Elections have consequences. Sometimes those consequences show up fast — like when one of the nation’s largest defense contractors decides it’s seen enough and heads for the exits barely a month after the new governor takes office.
That’s exactly what happened in Virginia this week. Boeing announced it’s yanking its Defense, Space & Security headquarters out of Arlington and heading back to St. Louis — the same division it moved to Virginia in 2022 when business-friendly Republican Gov. Glenn Youngkin was making the Commonwealth an attractive place to build things that go boom in defense of this country. Youngkin’s gone now. Abigail Spanberger is in charge. Boeing didn’t need to wait for a second term to read the room.

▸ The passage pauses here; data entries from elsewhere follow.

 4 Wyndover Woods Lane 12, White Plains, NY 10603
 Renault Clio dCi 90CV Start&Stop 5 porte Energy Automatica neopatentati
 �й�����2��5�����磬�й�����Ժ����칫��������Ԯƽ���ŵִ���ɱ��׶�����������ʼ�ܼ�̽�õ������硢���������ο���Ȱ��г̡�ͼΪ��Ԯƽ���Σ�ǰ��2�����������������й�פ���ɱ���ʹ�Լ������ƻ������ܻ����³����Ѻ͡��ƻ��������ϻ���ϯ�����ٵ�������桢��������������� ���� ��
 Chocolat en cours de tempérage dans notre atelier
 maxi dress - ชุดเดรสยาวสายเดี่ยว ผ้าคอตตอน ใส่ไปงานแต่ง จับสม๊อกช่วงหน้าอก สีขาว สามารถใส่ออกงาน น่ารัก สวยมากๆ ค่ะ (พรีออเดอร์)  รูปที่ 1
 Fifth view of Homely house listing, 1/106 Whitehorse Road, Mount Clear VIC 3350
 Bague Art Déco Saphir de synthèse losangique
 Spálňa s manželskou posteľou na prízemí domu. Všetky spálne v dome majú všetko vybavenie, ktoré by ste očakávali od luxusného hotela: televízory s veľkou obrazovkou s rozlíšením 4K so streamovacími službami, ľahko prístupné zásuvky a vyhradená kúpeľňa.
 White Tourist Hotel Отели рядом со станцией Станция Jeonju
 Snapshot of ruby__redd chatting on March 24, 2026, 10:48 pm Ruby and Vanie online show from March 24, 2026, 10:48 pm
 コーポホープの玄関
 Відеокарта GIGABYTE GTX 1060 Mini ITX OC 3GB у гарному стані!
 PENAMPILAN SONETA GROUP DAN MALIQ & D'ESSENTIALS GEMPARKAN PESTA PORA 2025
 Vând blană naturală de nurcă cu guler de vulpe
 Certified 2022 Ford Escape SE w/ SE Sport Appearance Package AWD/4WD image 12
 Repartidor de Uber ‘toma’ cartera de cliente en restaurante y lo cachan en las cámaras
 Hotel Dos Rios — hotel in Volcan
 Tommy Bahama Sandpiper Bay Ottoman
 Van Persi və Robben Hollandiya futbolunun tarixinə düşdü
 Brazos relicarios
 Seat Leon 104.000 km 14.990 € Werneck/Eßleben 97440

And here’s the part that should have every Virginia gun owner sitting up straight: the same agenda that sent Boeing packing is the same one coming for your AR, your standard-capacity magazines, and anything else Democrats have decided you don’t need.
Spanberger wasn’t in office five minutes before Virginia Democrats came out swinging with roughly 40 gun-related bills this session. The crown jewel is House Bill 217 — a flat-out ban on so-called “assault firearms,” targeting semiautomatic centerfire rifles equipped with magazines over 20 rounds, folding stocks, or the ability to accept a suppressor. Violators face Class 1 misdemeanor charges. The legislature also advanced a 10-round magazine cap that would instantly criminalize thousands of law-abiding Virginians who currently own perfectly legal standard-capacity mags. They’re also pushing a $500 state tax on suppressors — right after the federal $200 NFA tax was zeroed out. Because nothing says “we respect your rights” like a punitive tax on a hearing protection device.
Let’s be clear about where Spanberger comes from on this. She’s a former volunteer for Bloomberg’s Moms Demand Action. Everytown for Gun Safety dropped $1 million in paid media to put her in the governor’s mansion and personally contacted a quarter-million Virginia voters to make it happen. This isn’t a politician who stumbled into gun control. This is a true believer with a compliant legislature and a pen that’s itching to sign everything Youngkin kept in the trash.
House Minority Leader Terry Kilgore called HB 217 exactly what it is — a direct defiance of Bruen and a blatant attempt to criminalize the most commonly owned rifles in America. He’s right, and the lawsuits will fly. But that’s the point. These people don’t care if their laws get struck down eventually. They want them on the books now, and they want Virginians living under the threat of prosecution in the meantime.
Meanwhile, Boeing is heading to Missouri — a constitutional carry state — where Secretary of War Pete Hegseth showed up at the St. Louis plant to congratulate the workers and call them “patriots that are key elements to ensuring peace through strength.” Missouri Gov. Mike Kehoe called it a “win for the heartland.” Hard to argue.
The connection here isn’t subtle. The political environment that makes Boeing decide Virginia is no longer worth the risk is the same environment that looks at a law-abiding gun owner and sees a criminal-in-waiting. Both are targets of the same ideological project. Both are being told that their presence — whether as a defense manufacturer or as an armed citizen — is no longer welcome in the new Virginia.
Youngkin kept the wolves at bay. Spanberger opened the gate. Virginia gun owners knew this was coming. Now it’s here.
Stand your ground, Virginians. The Virginia Citizens Defense League, Gun Owners of America, and the NRA-ILA all have active campaigns running right now. Use them.